Tenía además suficiente imaginación para componer temas que, escrupulosamente, registraba en la sociedad de autores de Cuba. Y eran grabados, por el propio Chano o por su mayor admirador, Miguelito Valdés, que triunfó con su rumba Blen blen. Pero esa creatividad apenas rentaba: tuvo las inevitables broncas con la editorial que gestionaba los derechos. Y un músico negro, aunque fuera tan popular como Chano, apenas ganaba dinero. Así que tomó la ruta que tantos cubanos han elegido: emigrar a Estados Unidos.
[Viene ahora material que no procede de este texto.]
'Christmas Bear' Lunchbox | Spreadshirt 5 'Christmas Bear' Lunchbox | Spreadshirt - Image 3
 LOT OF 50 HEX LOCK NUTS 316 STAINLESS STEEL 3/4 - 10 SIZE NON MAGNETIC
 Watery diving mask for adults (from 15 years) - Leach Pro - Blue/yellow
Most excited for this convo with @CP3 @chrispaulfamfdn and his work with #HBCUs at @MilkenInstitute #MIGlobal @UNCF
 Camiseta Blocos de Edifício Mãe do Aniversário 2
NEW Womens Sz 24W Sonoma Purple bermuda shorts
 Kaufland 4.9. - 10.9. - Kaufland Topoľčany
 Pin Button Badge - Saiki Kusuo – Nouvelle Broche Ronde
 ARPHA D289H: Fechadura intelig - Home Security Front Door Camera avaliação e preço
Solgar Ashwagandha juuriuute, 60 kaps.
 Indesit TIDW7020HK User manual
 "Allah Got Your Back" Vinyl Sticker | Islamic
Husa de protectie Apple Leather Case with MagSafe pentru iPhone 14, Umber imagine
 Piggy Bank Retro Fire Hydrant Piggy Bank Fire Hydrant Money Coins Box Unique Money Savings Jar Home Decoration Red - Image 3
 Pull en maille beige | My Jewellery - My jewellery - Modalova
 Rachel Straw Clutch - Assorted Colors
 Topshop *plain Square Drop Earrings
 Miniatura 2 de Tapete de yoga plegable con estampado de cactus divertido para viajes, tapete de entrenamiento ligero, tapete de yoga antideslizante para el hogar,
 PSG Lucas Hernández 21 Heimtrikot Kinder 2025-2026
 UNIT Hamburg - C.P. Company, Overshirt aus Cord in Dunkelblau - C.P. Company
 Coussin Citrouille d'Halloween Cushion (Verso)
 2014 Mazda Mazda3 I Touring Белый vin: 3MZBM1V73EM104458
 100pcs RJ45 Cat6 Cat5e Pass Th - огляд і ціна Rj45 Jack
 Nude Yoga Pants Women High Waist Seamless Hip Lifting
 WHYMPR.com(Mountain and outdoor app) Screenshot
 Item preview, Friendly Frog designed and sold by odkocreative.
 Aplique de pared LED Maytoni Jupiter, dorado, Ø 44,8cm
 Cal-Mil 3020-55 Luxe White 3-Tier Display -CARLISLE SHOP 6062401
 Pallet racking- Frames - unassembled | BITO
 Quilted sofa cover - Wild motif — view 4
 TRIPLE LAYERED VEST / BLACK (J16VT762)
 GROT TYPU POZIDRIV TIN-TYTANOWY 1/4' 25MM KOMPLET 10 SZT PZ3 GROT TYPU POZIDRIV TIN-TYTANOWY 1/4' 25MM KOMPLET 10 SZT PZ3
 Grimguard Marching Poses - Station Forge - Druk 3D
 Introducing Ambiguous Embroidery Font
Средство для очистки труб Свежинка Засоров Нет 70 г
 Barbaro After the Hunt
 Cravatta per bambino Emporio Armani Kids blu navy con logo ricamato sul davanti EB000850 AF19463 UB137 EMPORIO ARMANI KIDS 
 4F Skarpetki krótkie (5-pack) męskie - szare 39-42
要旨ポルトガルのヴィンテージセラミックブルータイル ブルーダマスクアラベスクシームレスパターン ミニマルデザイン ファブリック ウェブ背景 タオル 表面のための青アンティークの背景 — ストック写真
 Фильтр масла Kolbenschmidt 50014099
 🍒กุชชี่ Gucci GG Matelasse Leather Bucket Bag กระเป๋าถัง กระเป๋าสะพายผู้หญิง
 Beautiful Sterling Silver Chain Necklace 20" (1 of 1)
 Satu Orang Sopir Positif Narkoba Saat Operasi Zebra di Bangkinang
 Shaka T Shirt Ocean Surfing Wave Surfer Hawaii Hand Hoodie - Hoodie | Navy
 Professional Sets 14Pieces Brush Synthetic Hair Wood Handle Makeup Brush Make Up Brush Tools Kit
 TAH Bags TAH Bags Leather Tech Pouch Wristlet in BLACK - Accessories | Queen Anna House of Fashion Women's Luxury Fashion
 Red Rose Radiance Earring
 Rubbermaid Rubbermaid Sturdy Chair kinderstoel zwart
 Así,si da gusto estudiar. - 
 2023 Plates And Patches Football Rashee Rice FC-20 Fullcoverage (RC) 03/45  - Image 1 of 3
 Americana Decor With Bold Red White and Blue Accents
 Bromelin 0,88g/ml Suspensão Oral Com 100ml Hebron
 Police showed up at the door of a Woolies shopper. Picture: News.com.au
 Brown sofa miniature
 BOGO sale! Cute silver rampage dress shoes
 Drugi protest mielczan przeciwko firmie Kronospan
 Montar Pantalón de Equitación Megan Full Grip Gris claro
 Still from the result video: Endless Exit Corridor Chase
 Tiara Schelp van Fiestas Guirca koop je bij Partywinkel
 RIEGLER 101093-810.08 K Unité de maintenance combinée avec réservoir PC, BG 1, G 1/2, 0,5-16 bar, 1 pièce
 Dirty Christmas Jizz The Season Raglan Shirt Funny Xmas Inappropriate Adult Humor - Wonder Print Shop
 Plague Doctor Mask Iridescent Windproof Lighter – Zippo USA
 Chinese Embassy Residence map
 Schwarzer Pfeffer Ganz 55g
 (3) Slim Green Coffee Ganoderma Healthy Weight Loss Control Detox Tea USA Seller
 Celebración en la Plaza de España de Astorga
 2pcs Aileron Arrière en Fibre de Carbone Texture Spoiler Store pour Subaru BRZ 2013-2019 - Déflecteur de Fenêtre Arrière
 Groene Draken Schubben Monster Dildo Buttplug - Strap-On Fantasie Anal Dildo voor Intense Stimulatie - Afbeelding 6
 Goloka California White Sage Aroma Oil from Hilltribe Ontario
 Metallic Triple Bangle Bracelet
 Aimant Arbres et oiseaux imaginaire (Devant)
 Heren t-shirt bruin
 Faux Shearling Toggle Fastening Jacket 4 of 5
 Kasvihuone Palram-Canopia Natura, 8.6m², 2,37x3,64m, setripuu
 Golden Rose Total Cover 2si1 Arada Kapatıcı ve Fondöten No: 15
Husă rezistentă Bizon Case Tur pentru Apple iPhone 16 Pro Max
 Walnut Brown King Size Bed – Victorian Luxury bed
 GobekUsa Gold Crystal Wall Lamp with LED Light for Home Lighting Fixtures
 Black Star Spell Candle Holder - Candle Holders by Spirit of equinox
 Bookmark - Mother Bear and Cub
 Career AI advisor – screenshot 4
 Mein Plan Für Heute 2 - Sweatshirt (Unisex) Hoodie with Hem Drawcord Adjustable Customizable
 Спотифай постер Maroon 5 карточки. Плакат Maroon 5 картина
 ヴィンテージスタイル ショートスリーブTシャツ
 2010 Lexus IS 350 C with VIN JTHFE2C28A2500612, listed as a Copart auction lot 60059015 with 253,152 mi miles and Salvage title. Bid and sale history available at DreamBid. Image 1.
Desembarcó en 1947, en un momento perfecto: el jazz y la música afrocubana se hacían ojitos; así, las orquestas de Stan Kenton y Machito competían en el mismo teatro. Instalado en Nueva York, Chano inevitablemente conectó con los insurgentes del bebop. Fue Dizzy Gillespie quien le contrató para su big band. Hoy, cuando el latin jazz es un género mundial, cuesta concebir la tremenda audacia de todos los implicados. Ni Chano hablaba inglés ni sus compañeros conocían el español. Pero sí hubo entendimiento musical: los gringos adoptaron aquellos ritmos y se beneficiaron del talento compositivo de Chano. Con ellos grabó el inmortal Manteca; con el saxofonista James Moody estrenó Tin tin deo. Ambas piezas, se puede afirmar, suenan cada noche en escenarios de todo el planeta.
Chano nunca perdió su guapería. Hasta que humilló a otro guapo. Hay infinidad de versiones sobre el choque, pero mejor fiarse de Chano Pozo, la vida, el libro de Rosa Marquetti. Un suceso banal: Chano compró unos cigarrillos de manteca (marihuana) que resultó que contenían orégano. Abordó indignado al vendedor, al que abofeteó públicamente (y le arrebató los 15 dólares que había pagado). Este, apodado El Cabito, fue a por una pistola y volvió para vaciar su cargador en el cuerpo de Chano.
¿Y se acabó? No, Chano dejó una huella profunda tanto en Cuba como en Estados Unidos, donde solo estuvo año y medio. Cuando llegó, la tumbadora todavía era confundida con el bongó. Veinte años después, ya salpimentaba todo tipo de músicas, desde el soul al rock. Y allí sigue.